TASK TO COMPLETE →
The entries below contain pictures. Write out only the lines from the line with "Let's just go" up to and including the line with "Right now, let's", exactly, without them.

DATA TO USE →

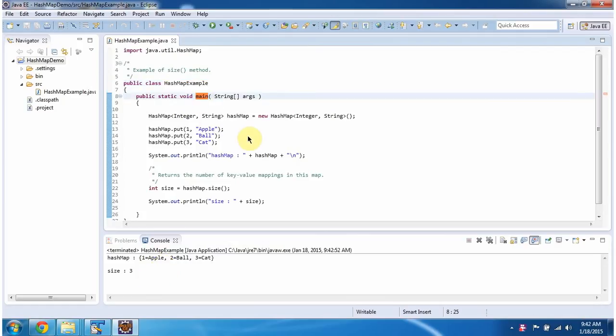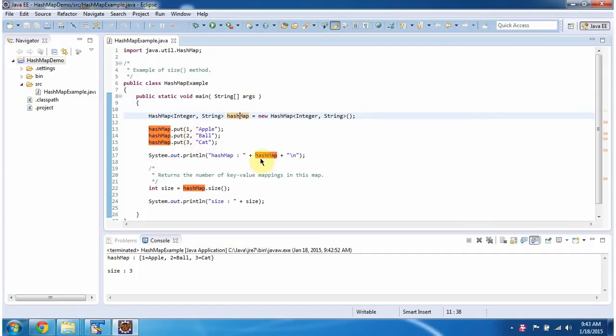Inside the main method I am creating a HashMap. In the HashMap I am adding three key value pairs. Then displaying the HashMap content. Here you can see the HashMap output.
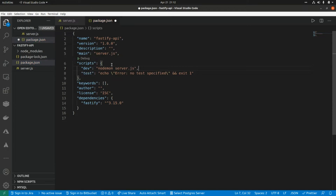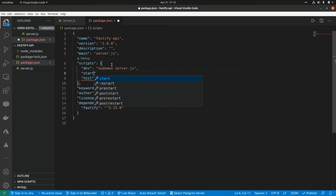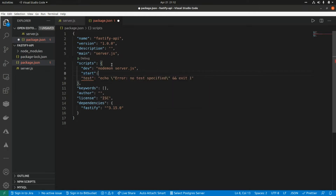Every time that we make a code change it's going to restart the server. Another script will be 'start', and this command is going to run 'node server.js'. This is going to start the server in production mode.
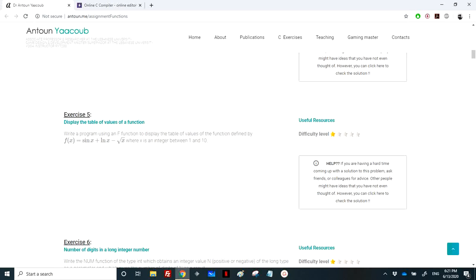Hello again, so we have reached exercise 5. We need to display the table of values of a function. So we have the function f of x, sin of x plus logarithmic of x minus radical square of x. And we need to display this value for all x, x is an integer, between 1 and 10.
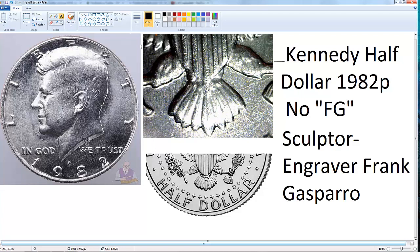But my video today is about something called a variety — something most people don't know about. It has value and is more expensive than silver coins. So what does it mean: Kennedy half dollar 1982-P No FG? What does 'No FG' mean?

* * *

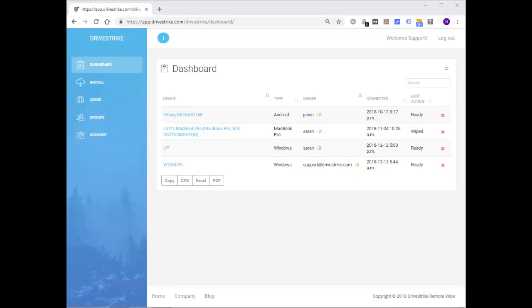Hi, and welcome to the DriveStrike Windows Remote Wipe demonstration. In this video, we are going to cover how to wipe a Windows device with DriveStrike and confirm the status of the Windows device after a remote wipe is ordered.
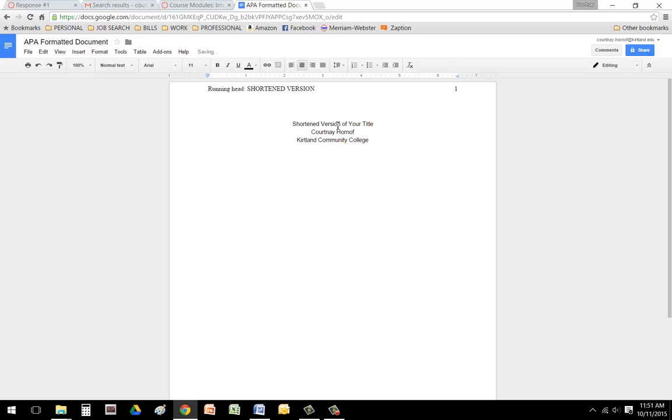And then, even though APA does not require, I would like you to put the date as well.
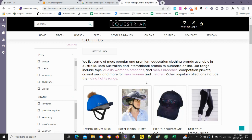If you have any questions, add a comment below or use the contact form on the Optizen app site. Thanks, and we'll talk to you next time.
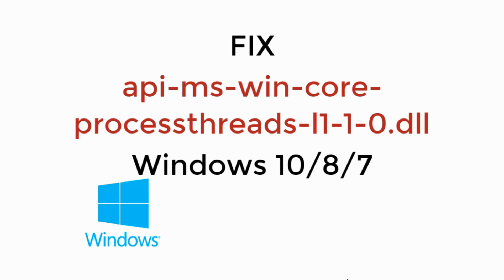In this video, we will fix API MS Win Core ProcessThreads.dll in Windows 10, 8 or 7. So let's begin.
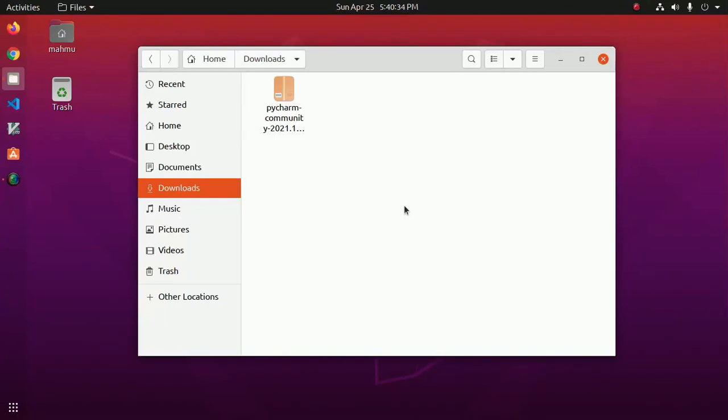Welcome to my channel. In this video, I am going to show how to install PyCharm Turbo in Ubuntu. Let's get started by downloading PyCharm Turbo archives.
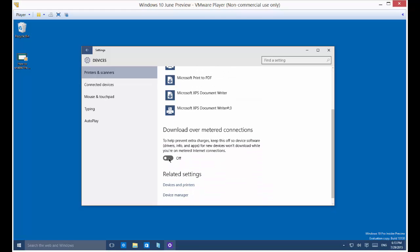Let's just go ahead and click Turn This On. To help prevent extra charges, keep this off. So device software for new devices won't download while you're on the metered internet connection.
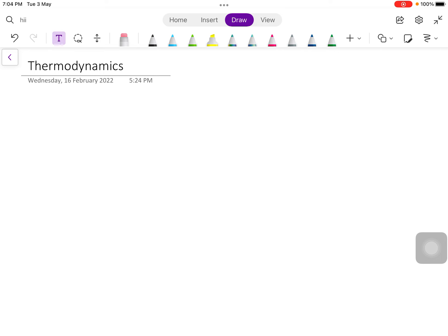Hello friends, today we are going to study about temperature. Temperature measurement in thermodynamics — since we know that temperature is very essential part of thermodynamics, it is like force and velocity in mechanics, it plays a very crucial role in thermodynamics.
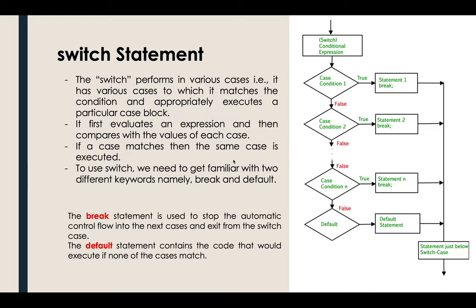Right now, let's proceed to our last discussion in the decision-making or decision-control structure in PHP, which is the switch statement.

==

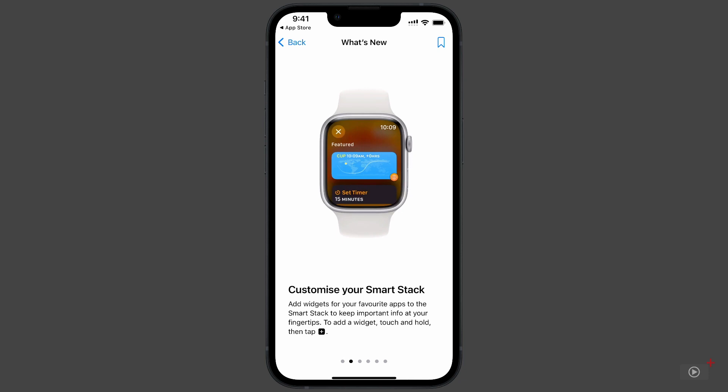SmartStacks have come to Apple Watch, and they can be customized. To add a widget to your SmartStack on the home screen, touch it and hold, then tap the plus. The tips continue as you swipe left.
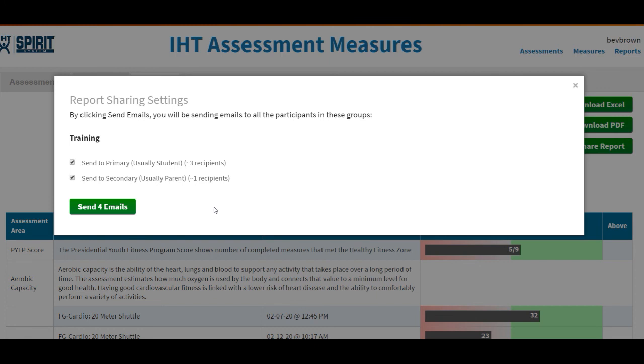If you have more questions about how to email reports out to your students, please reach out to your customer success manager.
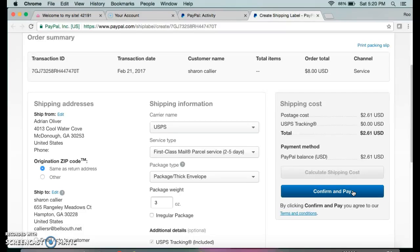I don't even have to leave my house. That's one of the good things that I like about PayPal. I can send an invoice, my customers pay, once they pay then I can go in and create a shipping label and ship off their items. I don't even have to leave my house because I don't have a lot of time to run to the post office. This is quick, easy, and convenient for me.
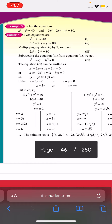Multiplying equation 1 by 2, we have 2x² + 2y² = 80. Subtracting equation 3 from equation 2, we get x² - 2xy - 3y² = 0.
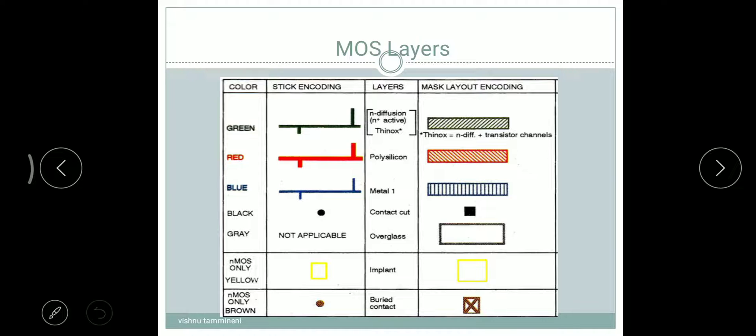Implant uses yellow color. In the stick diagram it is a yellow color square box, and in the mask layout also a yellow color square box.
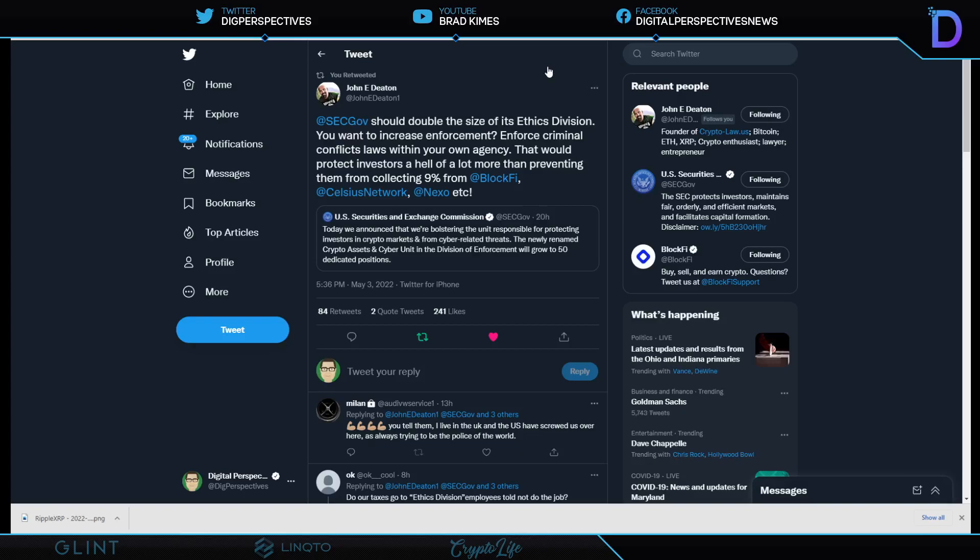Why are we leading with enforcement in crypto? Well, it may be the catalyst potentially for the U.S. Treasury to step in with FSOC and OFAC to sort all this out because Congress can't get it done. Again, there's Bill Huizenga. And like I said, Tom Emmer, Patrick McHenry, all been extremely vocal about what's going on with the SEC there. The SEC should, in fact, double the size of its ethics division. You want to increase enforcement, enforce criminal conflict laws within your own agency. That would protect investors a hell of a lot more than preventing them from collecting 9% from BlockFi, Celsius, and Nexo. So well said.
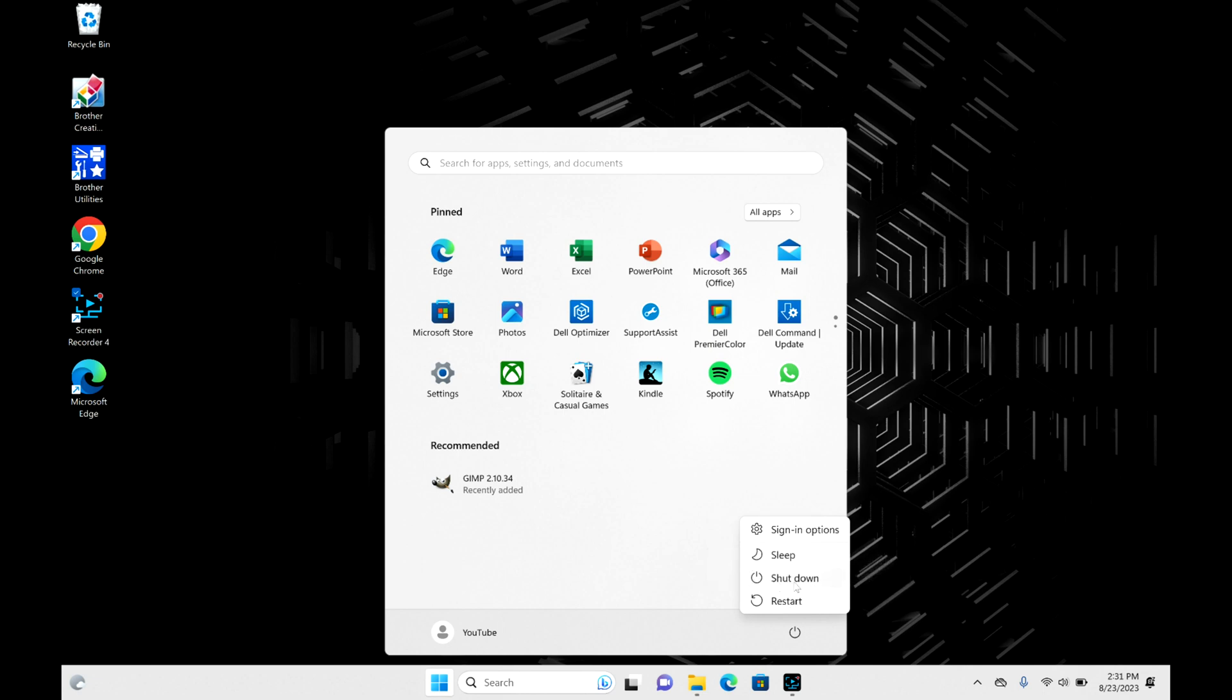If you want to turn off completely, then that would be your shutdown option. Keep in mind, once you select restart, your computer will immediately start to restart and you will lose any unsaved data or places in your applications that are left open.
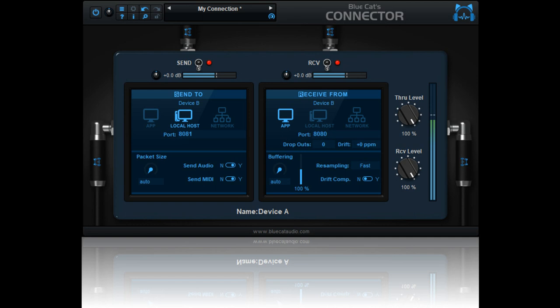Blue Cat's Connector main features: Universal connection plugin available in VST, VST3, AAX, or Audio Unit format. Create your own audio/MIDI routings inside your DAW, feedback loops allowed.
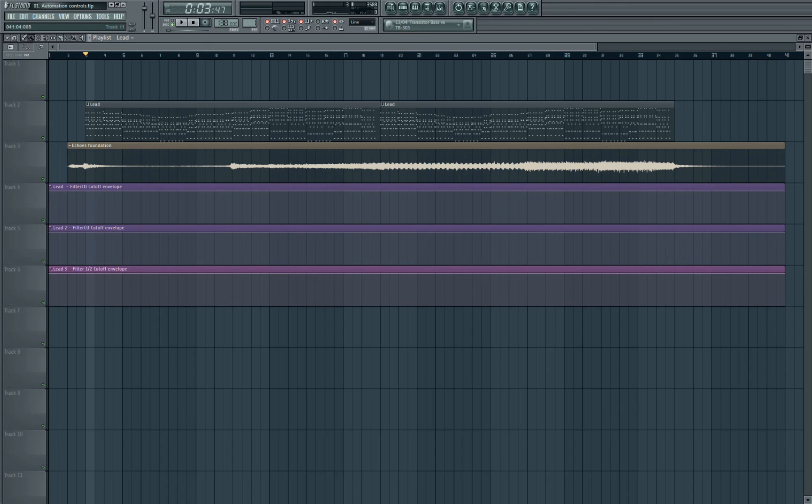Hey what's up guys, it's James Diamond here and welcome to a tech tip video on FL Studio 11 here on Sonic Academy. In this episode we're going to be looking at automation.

ANSWER TO THIS EXERCISE →
Let's just go ahead and click Turn This On. To help prevent extra charges, keep this off. So device software for new devices won't download while you're on the metered internet connection.
Hello friends, today we are going to study about temperature. Temperature measurement in thermodynamics — since we know that temperature is very essential part of thermodynamics, it is like force and velocity in mechanics, it plays a very crucial role in thermodynamics.
Right now, let's proceed to our last discussion in the decision-making or decision-control structure in PHP, which is the switch statement.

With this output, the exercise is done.